Шрифт:
Интервал:
Закладка:
Все вокруг было мне хорошо знакомо. Разве не вырос я неподалеку от Хэмпстед-Хит, не бегал здесь ребенком? Для меня это место было волшебным всегда, однако сейчас, этим утром, словно в первый день творения, я чувствовал себя Адамом, с изумлением оглядывающим новый мир. Я не знал или забыл, что может существовать такая красота, такая наполненность каждого мгновения. Я совершенно не замечал мгновений и их последовательности, я видел только совершенство лишенного времени «сейчас».

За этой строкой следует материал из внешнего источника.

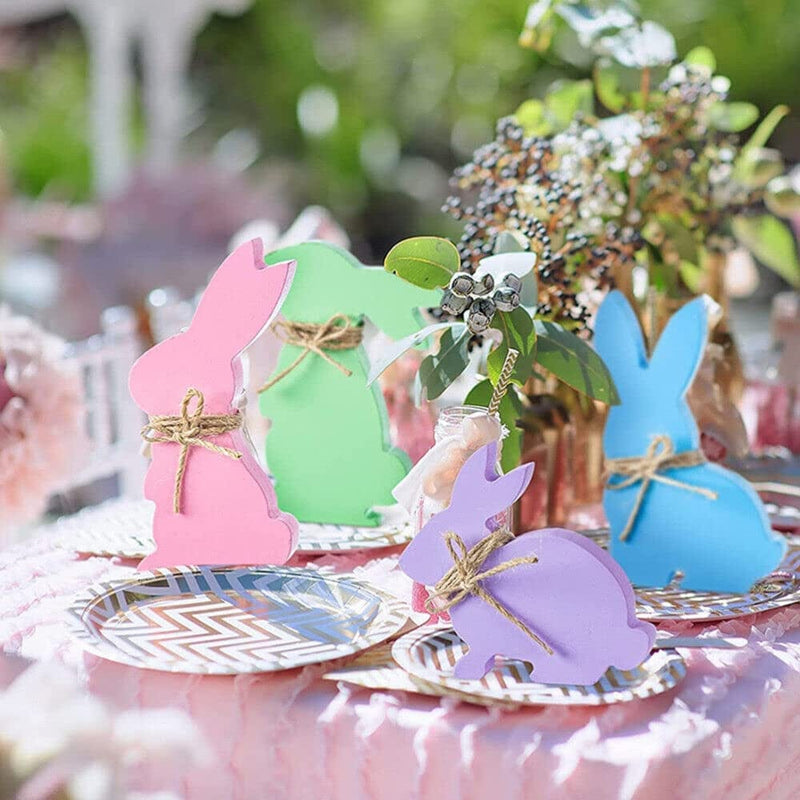 4Pcs Easter Bunny Table Decorations Centerpieces Wooden Sign Decorations for the Home Mantel Tiered Tray Vintage Farmhouse Spring Party Decora Home & Garden > Decor > Seasonal & Holiday Decorations carvy   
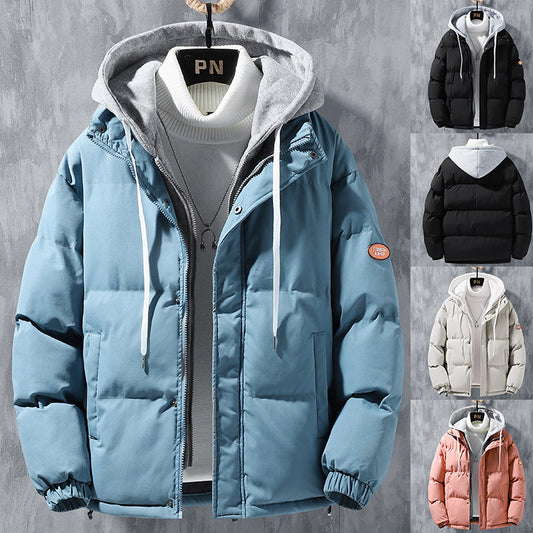Fashion Hooded Jacket Men Winter Windproof Thickened Fake Two-piece Coat Solid Leisure Sports Cotton Jacket - KuzuSHOP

Волшебное царство безвременья находилось между мгновениями, полное пронзительной «сейчасности» того сорта, что обычно поглощается прошлым и будущим. Неожиданно каким-то чудесным образом я оказался избавлен от настойчивого давления прошлого и будущего и смог насладиться великолепным даром полного и совершенного «сейчас». В этом моем «сейчас» не было ни праздности, ни торопливости – я наблюдал за струйкой дыма от моей трубки в спокойном воздухе, слушал бой колоколов, доносящийся отовсюду. Хэмпстед окликал Хайгейт, Хайгейт – Хэмпстед, они переговаривались между собой и со всем миром.
Так я сидел, активно размышляя, но не шевелясь. И, как я заметил, я был не один: другие пациенты сидели или прогуливались в этом раю, неторопливо, спокойно, отдыхая. Все мы наслаждались поразительным днем отдохновения духа; я убедился в этом за сладкий, лишенный времени месяц пребывания здесь. Всех нас держало в нежной хватке удивительное спокойствие, как в колледже или монастыре. Оно было предназначено для каждого, независимо от нашего состояния, – странная интерлюдия, непохожая ни на что, раньше нам известное. Мы избавились от страдания, от штормов и ужасов, от болезни, подрывавшей нашу уверенность в себе, от сомнения в выздоровлении, но нас еще не призывала к себе повседневность жизни – или того, что считается жизнью в этом несовершенном мире с его бесконечными обязательствами, тревогами, ожиданиями. Нам был дарован волшебный промежуток между болезнью и возвращением в мир, между состоянием пациента и состоянием отца семейства, кормильца, между пребыванием «внутри» и «снаружи», между прошлым и будущим. Настроение субботнего утра длилось, не тускнело, оставалось все таким же сияющим и через неделю, и через месяц.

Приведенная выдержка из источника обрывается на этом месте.